BIF Baking Resources

BIF | New Members & 2018 Projects Announced

Seven new members joined BIF, the Baking Industry Forum, expanding the team to 18 members. The group is comprised of bakers and suppliers and they work together to explore common issues within the baking industry.  New members joining in 2018 include bakers:  John Mulloy (151 Foods), Audrey St. Onge (SK Foods), and Luis Vargas (Bimbo Bakeries, USA). Joining as new suppliers are: Rowdy Brixey (Brixey Engineering), Sergio Caballero (FoodTools, Inc.), Delia Justable (Forbo Siegling, LLC), and Jeff Dearduff (The Austin Company), Jeff Dearduff and Rowdy Brixey have both served previously on BIF as bakers and are now continuing their commitment on the supplier side.

The BIF team and BEMA staff outside Intralox in New Orleans.

Returning for another term to serve on BIF and representing the baker segment are Brandon Heiser (Roskam Baking), Mike Porter (Genesis Baking Company), Mario Somoza (Pan Pepin), Karl Thorson (General Mills), Pat Wilkens (Highland Bakeries), and Robert Benton (Flowers Foods) in an advisory role. Mike LaValle (Intralox), Nick Magistrelli (Rademaker USA, Inc.), Vince Tamberello (ProMach), Brandon Woods (LeMatic), and Matt Ungashick (Shick Esteve) will continue to serve representing suppliers.

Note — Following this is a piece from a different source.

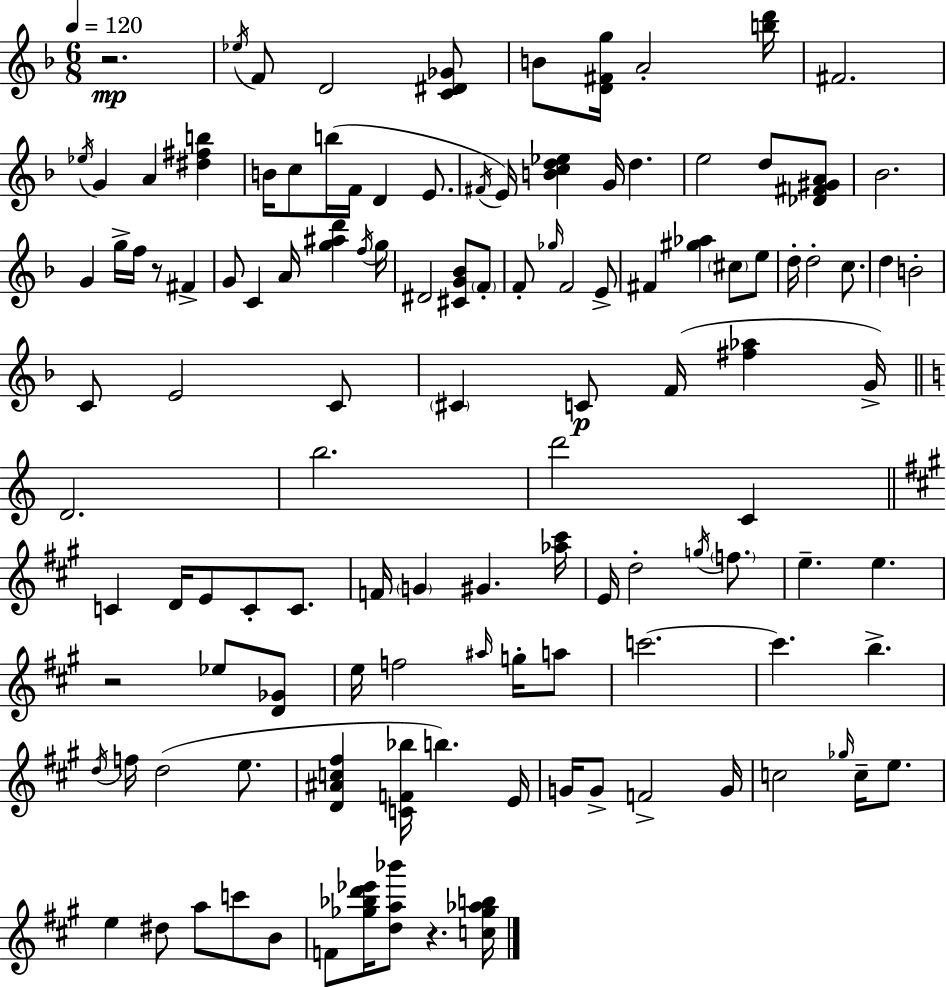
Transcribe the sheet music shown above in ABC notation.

Recently, the expanded BIF team met in New Orleans,  in a half-day working session to plan their projects for the current term. The key topics of relevance in  2018 include analytics, lean manufacturing and the GMA checklist for sanitary design. Additionally, the team is  working to update the list of certification and association acronyms knows as “alphabet soup.” This list is an important resource for newcomers to the industry.

Also, while in New Orleans, the team toured Intralox and met with the owner, Jay Lapeyre who shared insights around corporate culture.